▶ **Required action**: Leave the pictures out and restate each entry below word for word.

Dataset items:
════════════════

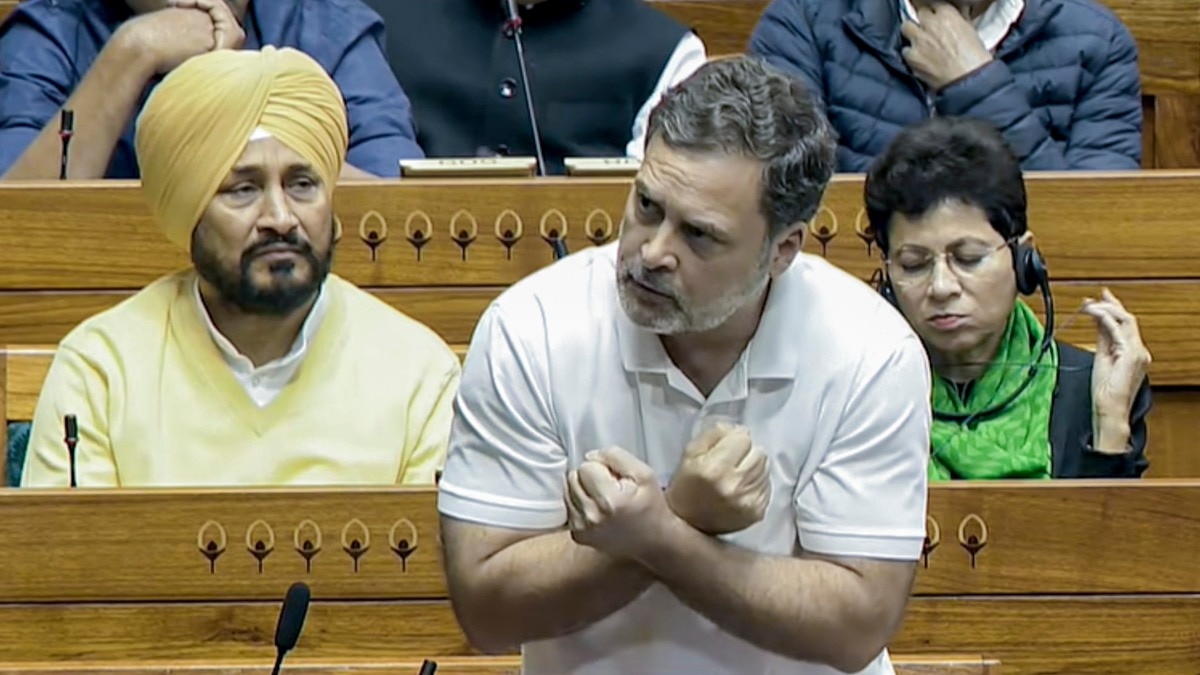 राहुल की आक्रामकता से कांग्रेस गदगद है. (Photo-PTI)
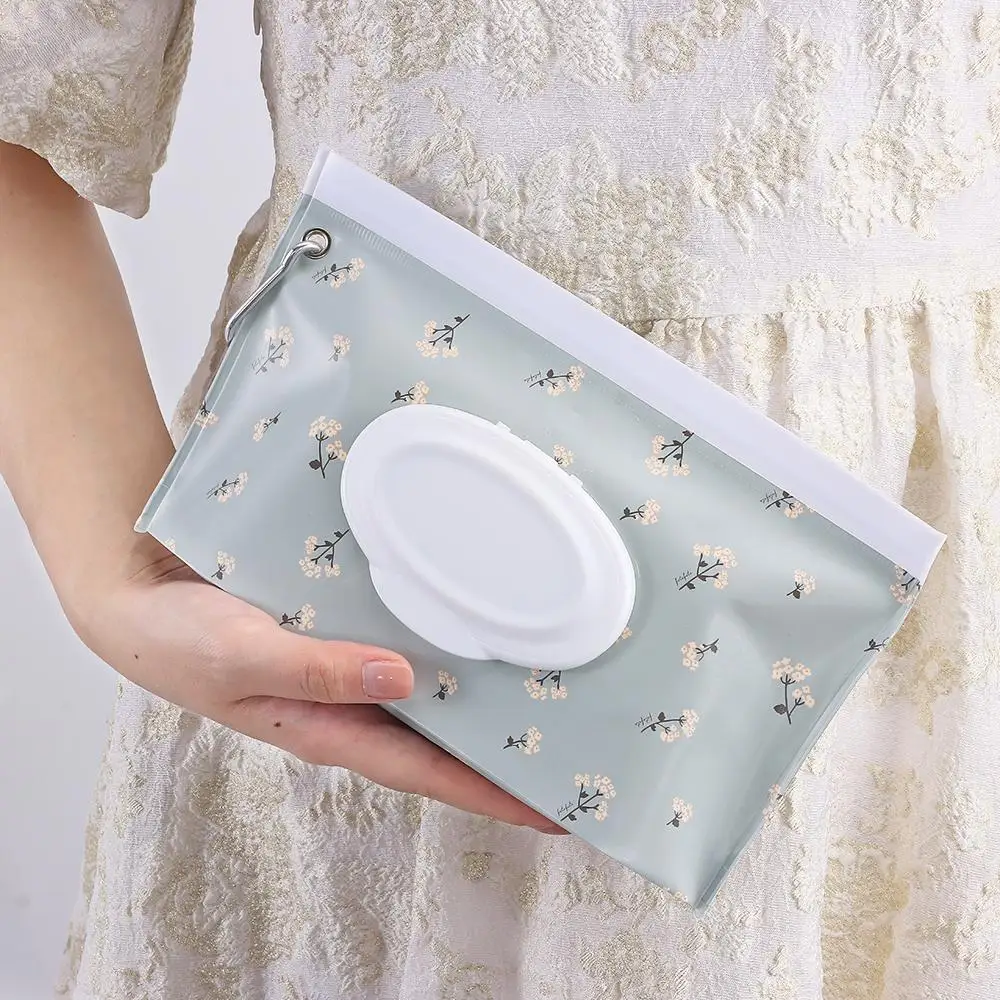 Wet Wipes Bag Portable Baby Wet Wipe Pouch Wipes Holder Case Flip Cover Snap Reusable Wet Wipe Bag Outdoor Useful Tissue Box 5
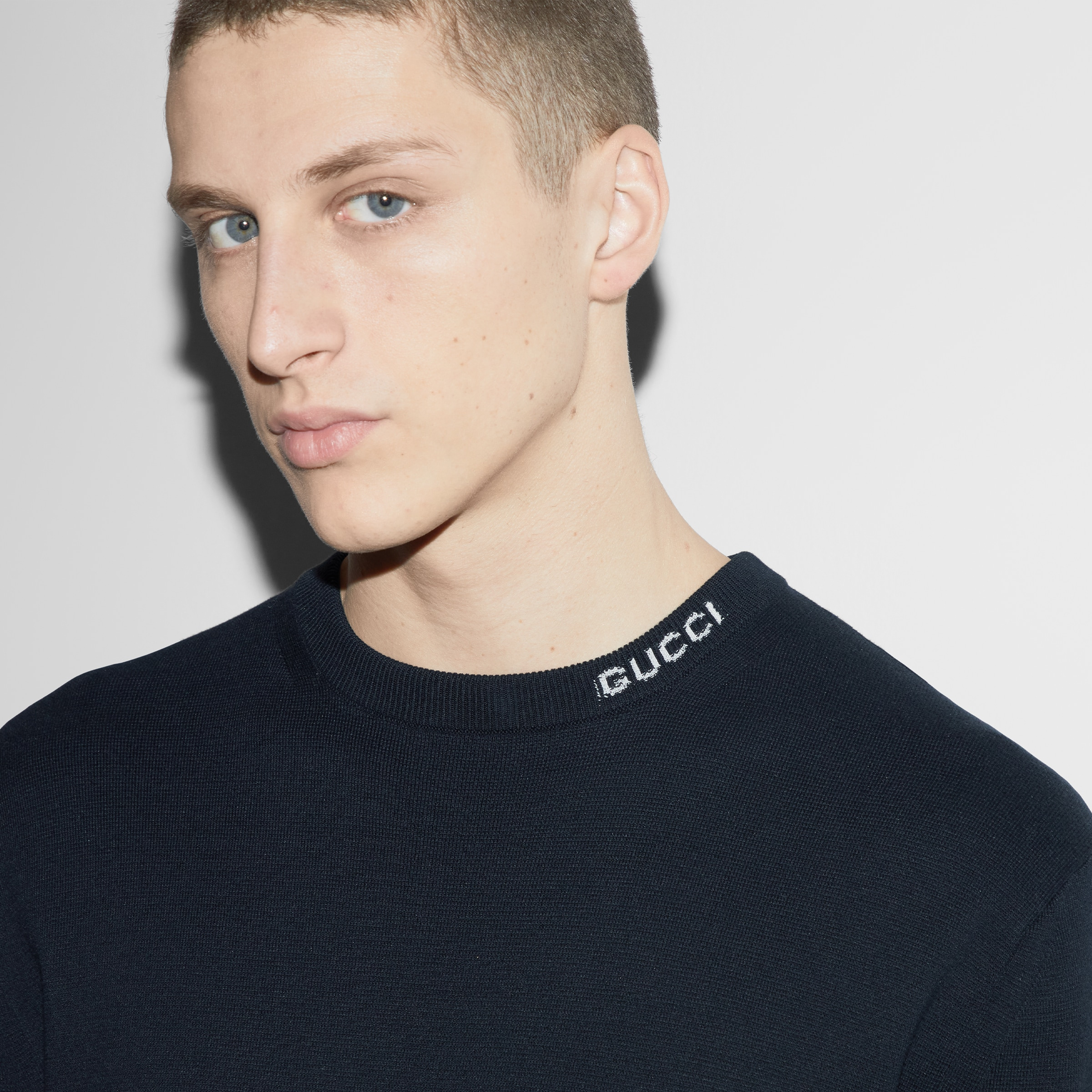 Silk cotton T-shirt with Gucci intarsia - 5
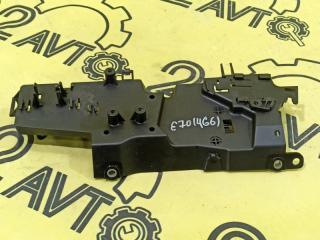 Кронштейн BMW X5 2011 контрактная Кронштейн BMW X5 2011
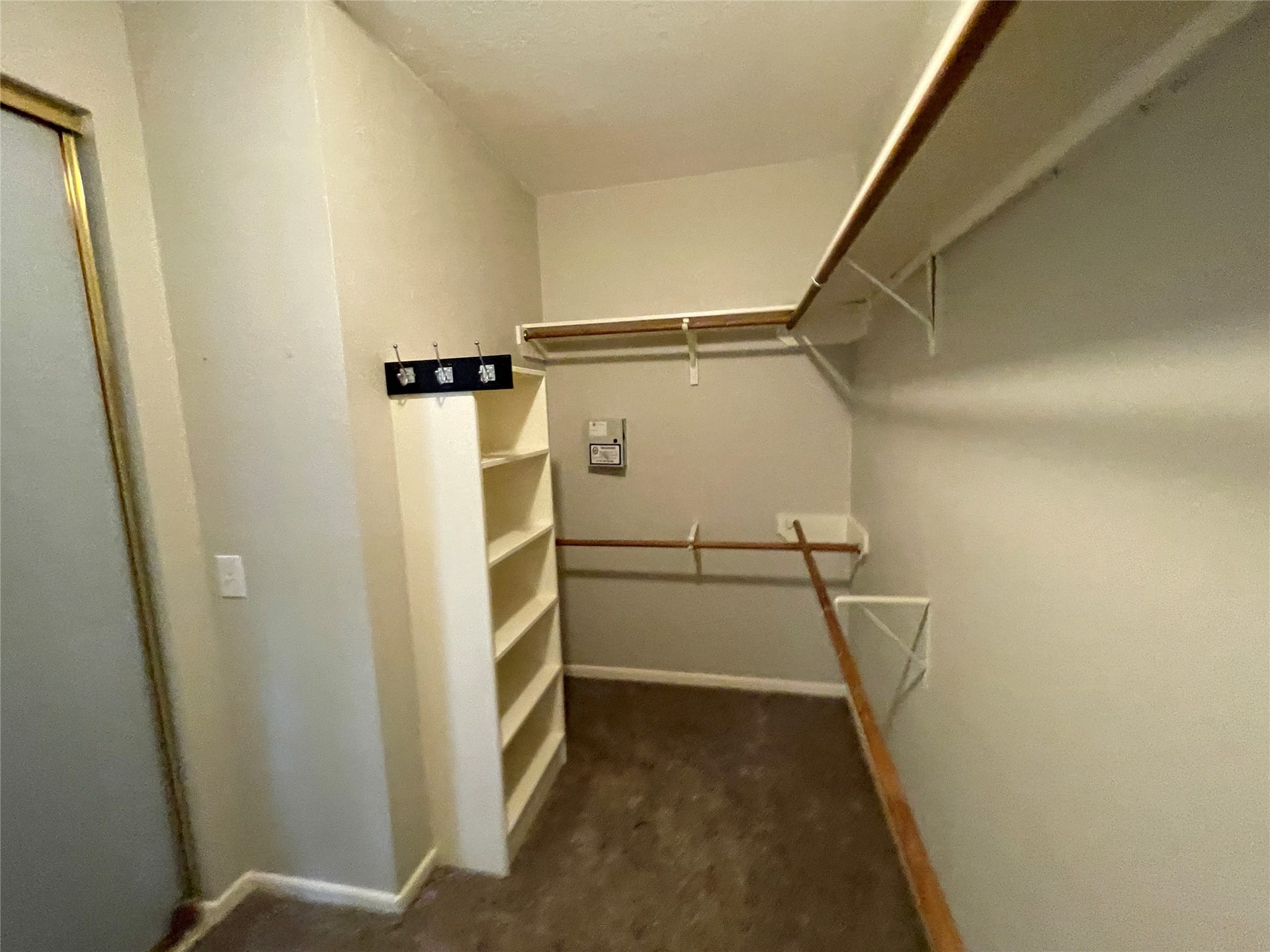 23 S Bristol Oak Court, The Woodlands, TX 77382 23 S Bristol Oak Court, The Woodlands, TX 77382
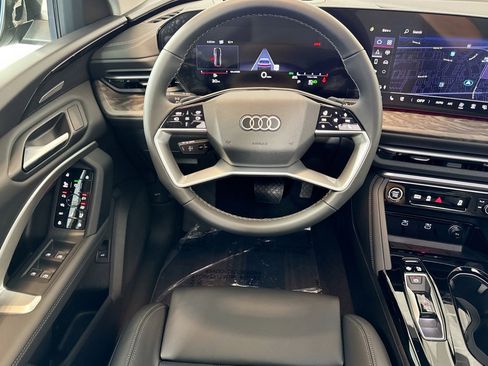 New 2025 Audi Q5 Premium Plus image 19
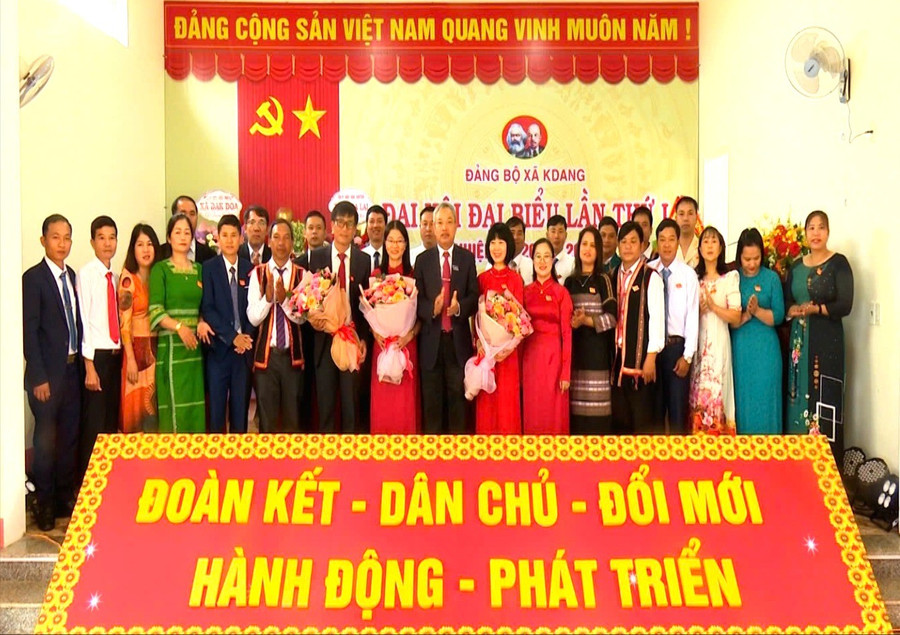 Ban Chấp hành Đảng bộ xã Kdang nhiệm kỳ 2025-2030 ra mắt Đại hội. Ảnh: Hồng Viên hinh-anh-dong-chi-dang-vinh-son-uy-vien-ban-thuong-vu-tinh-uy-truong-ban-noi-chinh-tinh-uy-tang-hoa-cho-bch-dang-bo-xa-kdang-nhiem-ky-2025-2030.jpg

════════════════

▶ **Exercise solution**:
 राहुल की आक्रामकता से कांग्रेस गदगद है. (Photo-PTI)
 Wet Wipes Bag Portable Baby Wet Wipe Pouch Wipes Holder Case Flip Cover Snap Reusable Wet Wipe Bag Outdoor Useful Tissue Box 5
 Silk cotton T-shirt with Gucci intarsia - 5
 Кронштейн BMW X5 2011 контрактная Кронштейн BMW X5 2011
 23 S Bristol Oak Court, The Woodlands, TX 77382 23 S Bristol Oak Court, The Woodlands, TX 77382
 New 2025 Audi Q5 Premium Plus image 19
 Ban Chấp hành Đảng bộ xã Kdang nhiệm kỳ 2025-2030 ra mắt Đại hội. Ảnh: Hồng Viên hinh-anh-dong-chi-dang-vinh-son-uy-vien-ban-thuong-vu-tinh-uy-truong-ban-noi-chinh-tinh-uy-tang-hoa-cho-bch-dang-bo-xa-kdang-nhiem-ky-2025-2030.jpg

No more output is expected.